— Records to process —
_ _ _

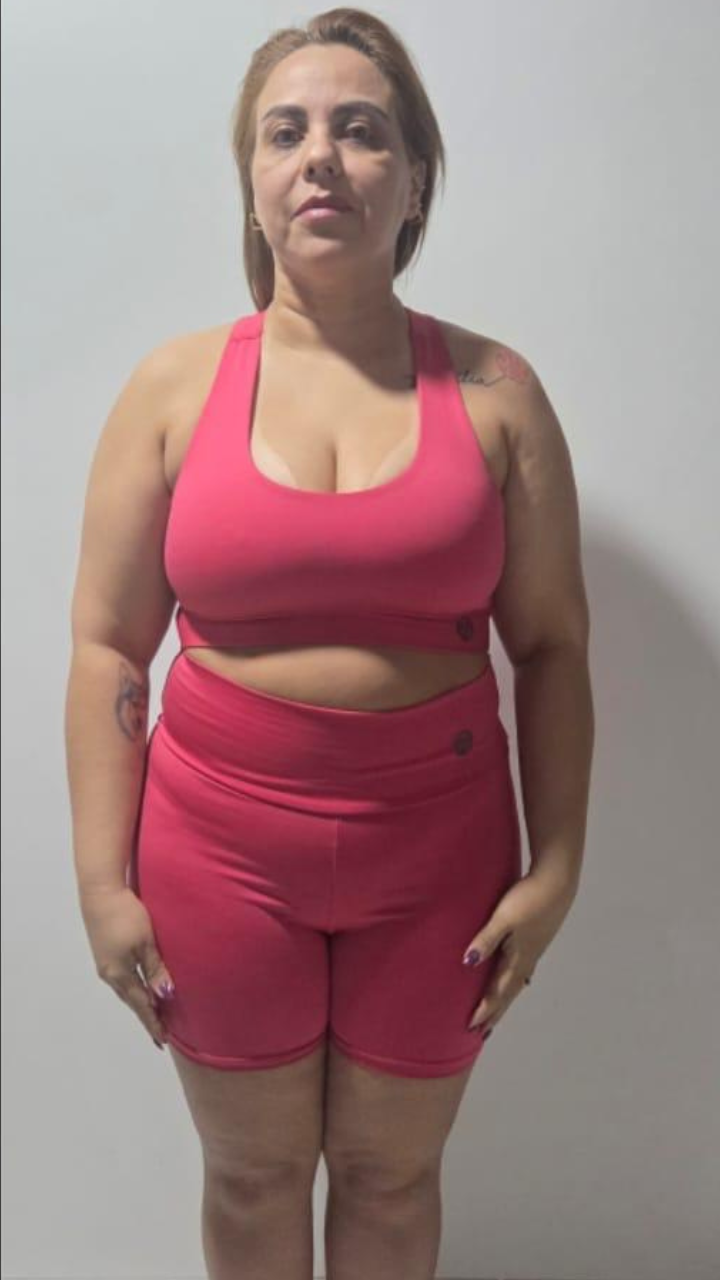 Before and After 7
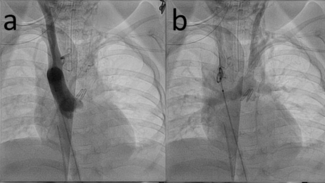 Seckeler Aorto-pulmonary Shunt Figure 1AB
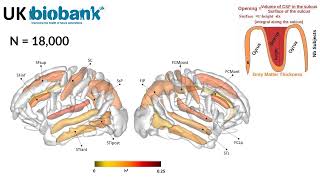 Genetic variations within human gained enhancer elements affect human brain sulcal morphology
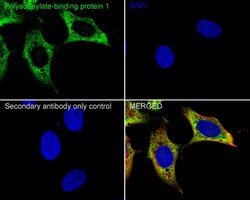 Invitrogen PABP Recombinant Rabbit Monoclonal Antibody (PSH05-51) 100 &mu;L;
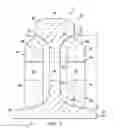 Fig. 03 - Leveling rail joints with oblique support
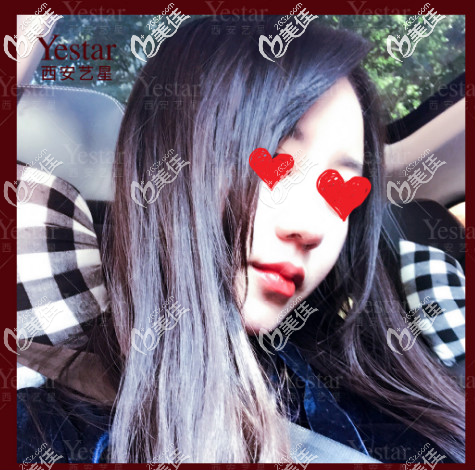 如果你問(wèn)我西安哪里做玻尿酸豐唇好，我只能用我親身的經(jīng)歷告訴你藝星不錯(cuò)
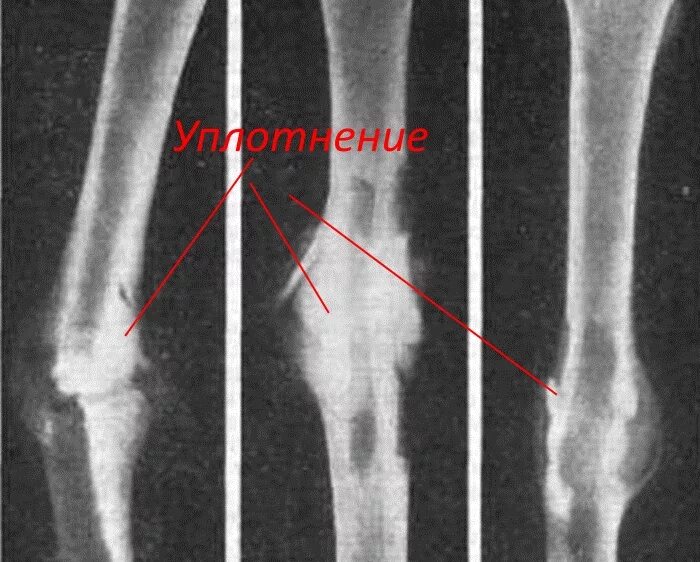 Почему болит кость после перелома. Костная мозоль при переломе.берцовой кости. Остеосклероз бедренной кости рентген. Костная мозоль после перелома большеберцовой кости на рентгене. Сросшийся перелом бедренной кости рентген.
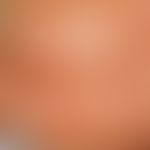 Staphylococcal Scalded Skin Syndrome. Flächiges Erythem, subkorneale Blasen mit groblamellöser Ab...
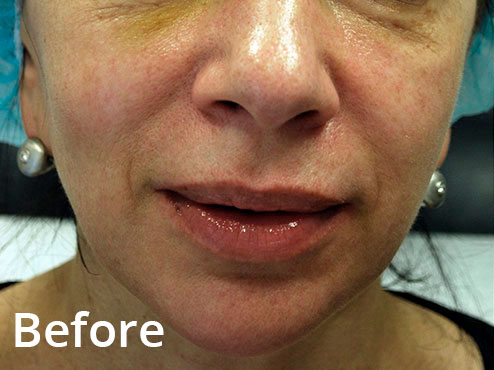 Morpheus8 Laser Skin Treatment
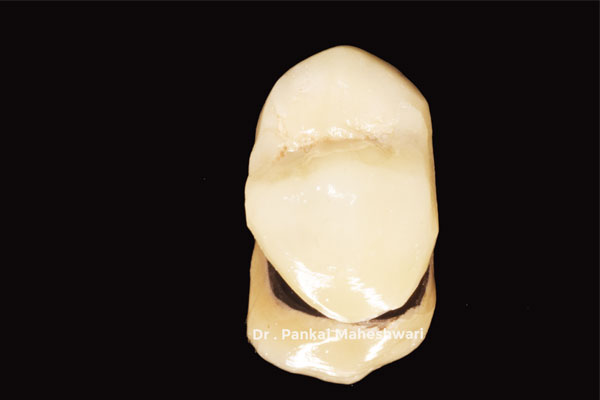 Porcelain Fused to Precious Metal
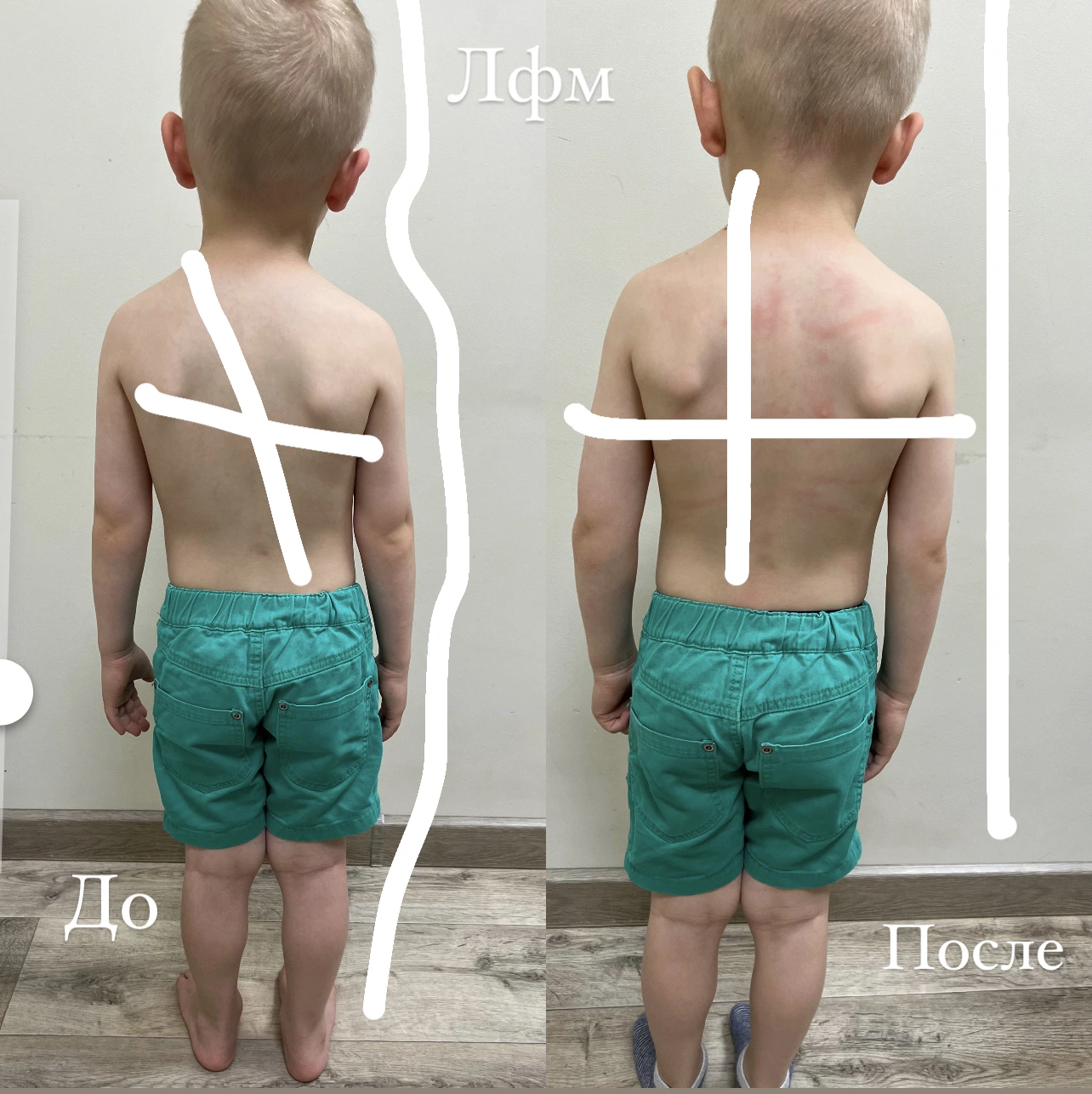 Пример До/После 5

_ _ _

— Exercise —
Repeat, word for word, the lines of the material above from the one holding "Seckeler Aorto-pulmonary Shunt Figure 1AB" through the one holding "Почему болит кость". Leave out pictures.

— Solved problem —
 Seckeler Aorto-pulmonary Shunt Figure 1AB
 Genetic variations within human gained enhancer elements affect human brain sulcal morphology
 Invitrogen PABP Recombinant Rabbit Monoclonal Antibody (PSH05-51) 100 &mu;L;
 Fig. 03 - Leveling rail joints with oblique support
 如果你問(wèn)我西安哪里做玻尿酸豐唇好，我只能用我親身的經(jīng)歷告訴你藝星不錯(cuò)
 Почему болит кость после перелома. Костная мозоль при переломе.берцовой кости. Остеосклероз бедренной кости рентген. Костная мозоль после перелома большеберцовой кости на рентгене. Сросшийся перелом бедренной кости рентген.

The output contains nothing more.